The study by Indian and Canadian researchers indicated that malaria kills about 205,000 people in India each year, a figure 200-fold higher than the health ministry’s count, and 18 times the WHO estimate, as reported in The Telegraph today.
A senior WHO official said the methodology of verbal autopsies used by the study to assign the causes of deaths was inappropriate to assess malaria deaths. “(The) WHO has serious doubts about the high estimate of (205,000) malaria deaths in India,” said Nata Menabde, the WHO representative-designate to India.
The study authors said such a reaction was expected. “We would expect a natural reluctance to revise numbers based on just one study,” said Prabhat Jha of the University of Toronto, the lead author of the study published today in the journal Lancet.

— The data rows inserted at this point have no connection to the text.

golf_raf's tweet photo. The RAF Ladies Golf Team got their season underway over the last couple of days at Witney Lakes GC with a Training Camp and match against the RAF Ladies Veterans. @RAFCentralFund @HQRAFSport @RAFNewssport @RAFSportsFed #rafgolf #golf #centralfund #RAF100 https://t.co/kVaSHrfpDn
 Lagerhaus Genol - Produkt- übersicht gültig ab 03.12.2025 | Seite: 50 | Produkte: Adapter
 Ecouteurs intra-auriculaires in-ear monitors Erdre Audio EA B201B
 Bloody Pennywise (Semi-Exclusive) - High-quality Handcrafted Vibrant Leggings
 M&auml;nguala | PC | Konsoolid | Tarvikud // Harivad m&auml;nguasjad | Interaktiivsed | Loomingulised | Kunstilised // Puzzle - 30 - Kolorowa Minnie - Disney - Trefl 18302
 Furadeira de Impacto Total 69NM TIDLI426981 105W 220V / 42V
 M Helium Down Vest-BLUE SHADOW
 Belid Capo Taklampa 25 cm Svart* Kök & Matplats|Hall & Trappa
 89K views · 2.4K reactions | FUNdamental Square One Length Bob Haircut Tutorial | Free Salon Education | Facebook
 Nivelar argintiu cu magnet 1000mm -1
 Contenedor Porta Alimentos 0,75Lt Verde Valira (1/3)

The WHO has itself in the past hailed the relevance of verbal autopsies. “The reality is that for poor, often rural populations… (the) verbal autopsy for all its shortcomings remains the only practical option for measuring levels and trends in specific causes (of deaths),” a WHO document had said.
In verbal autopsies, fieldworkers question family members of the dead and document the symptoms that obtained in the days or weeks before the deaths. Independent doctors then scrutinise the documents and attribute specific causes to the deaths. The methodology carries the inherent imperfection that family members may unintentionally provide misleading information.
“In this method, deaths due to fever from any cause are likely to be misinterpreted as malaria in areas of high incidence,” said Menabde. “In areas of low malaria incidence, the symptoms are difficult to distinguish and would result in overestimates of malaria deaths.”
But Jha and his colleagues said most of the malaria deaths they had observed did not occur in areas where dengue, meningitis or typhoid — diseases with similar symptoms — were common. The deaths overlapped with areas of high malaria transmission.
Jha said the WHO should use peer-reviewed, scientifically valid data to criticise the study. “But the WHO itself relies on Indian government data to arrive at its estimates,” said study co-author Vinod Sharma, former director of the Malaria Research Centre, New Delhi.